I like watching sweaty girls go up against 100 or so men and women armed with devices of wood, string and brass. I like it when they gasp. I like it when they strain. Their expressions of satisfaction when something goes right transport me. They don’t have to be wearing particularly revealing clothing, but they usually are dressed in something a bit showy, not that you see much of that when they’re in action. As for the action, well, they are attacking a toothy, long-tailed, black monster with their slender arms and fingers. I cheer for them and expect them to triumph.

And they do! Those girls, dear reader, or women to be more accurate, are female ninja scholars trained in the toughest dojos of Asia, Europe, and America. They go up against the Grieg Concerto, the many Beethovens, the Schumanns, the Brahmses and other Rachmaninoffs, they grind their teeth, sweat, nearly collapse, and at the end someone brings them flowers.
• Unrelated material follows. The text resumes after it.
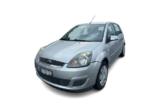 Location FORD Fiesta 1.4 16V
I used to see this spectacle two or three times a year from the fourteenth or twentieth row, having paid handsomely for the privilege. Now Youtube gives my scopophilia nearly endless license, if I’m willing to be interrupted every ten minutes by an ad for some grammar correction app that I, having learned Latin by the sweat of my brow, don’t need. Comely maidens in the spring time of their lives bang out piano concertos, encores, and encores of encores. The camera follows their every move. Mais O, ces doigts d’enfants, tapant au Gewandhaus!

However, there are figures and examples (yes, we fallen subjects need figures and examples) to show us what engagement with music, yes, music, not soft porn, by an uncompromising and straight-faced yet admirable executant would be. The red dresses, high heels and sequins of the others fall away. Let Hélène Grimaud receive my imaginary bouquets, not that she requires them in any sense. She’s photographed, not by chance I assume, in a non-voyeuristic way that shuffles all that heaving-bodice stuff out of sight. When I wake up at four in the morning with music ringing in my ears, it is with a thought of her nimble action, end-to-end memorization of the score, and oh-so-rare smile.
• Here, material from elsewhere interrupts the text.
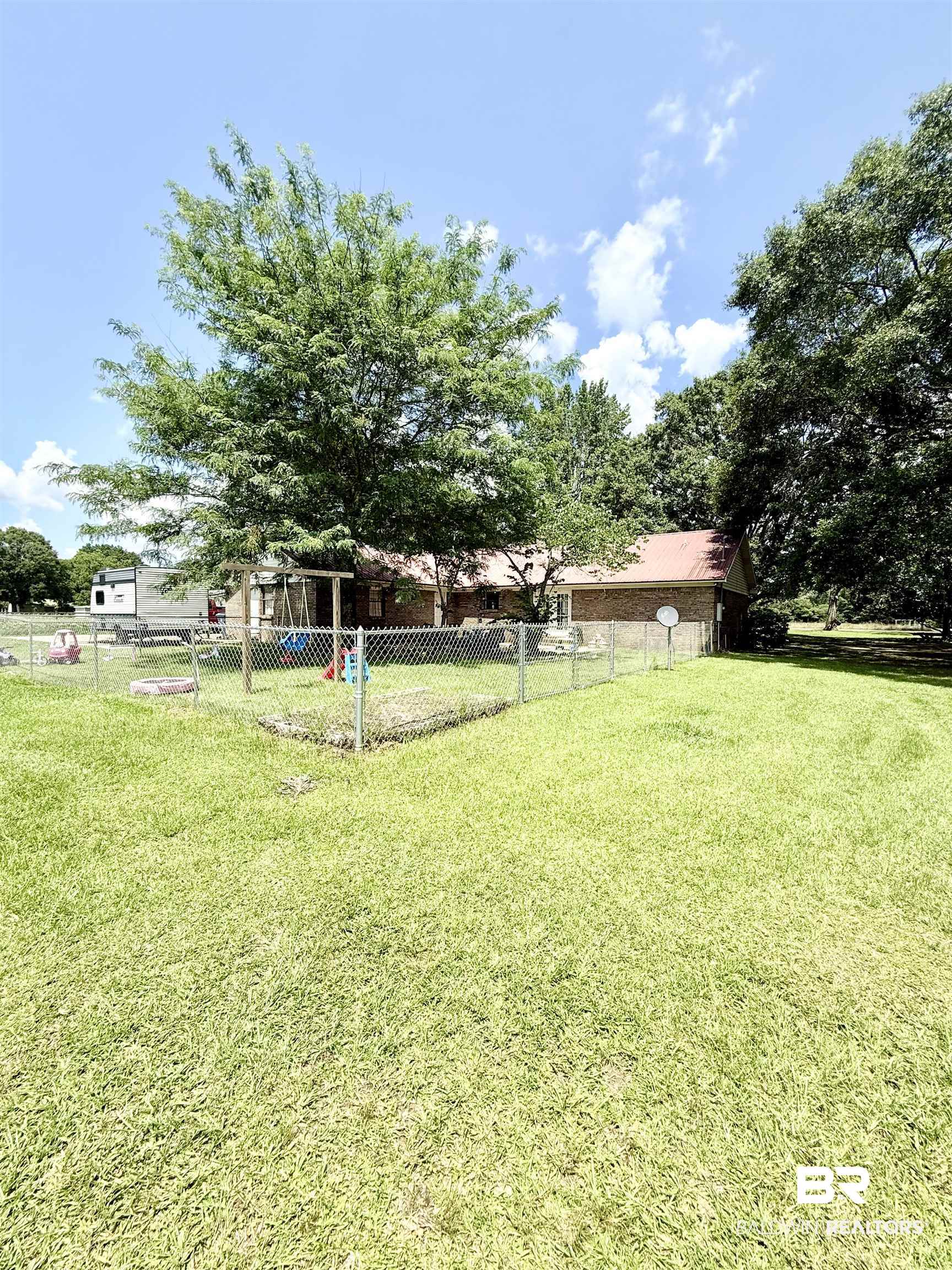 190 Jaye Road Frisco City, AL 36445 - Photo 8 of 48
One thought on “Scopic, Oh So Scopic

  1. All well and good, but the sound on YouTube is abominable — lossily compressed and parsimoniously streamed. I know that some people use YouTube as their personal free music library; all the “creators” do is impose one static image while their CD-rip plays. I had 78 RPM shellac discs on an ancient Sears record player that, even with their “frying bacon” ambience, sounded better than YouTube. Even with the costs, hearing the stuff live is more immediate than even the fanciest Blu-Ray audio in a stereo that cost more than my college education. Once the plague madness ends, ad fontes! Back to the live performances!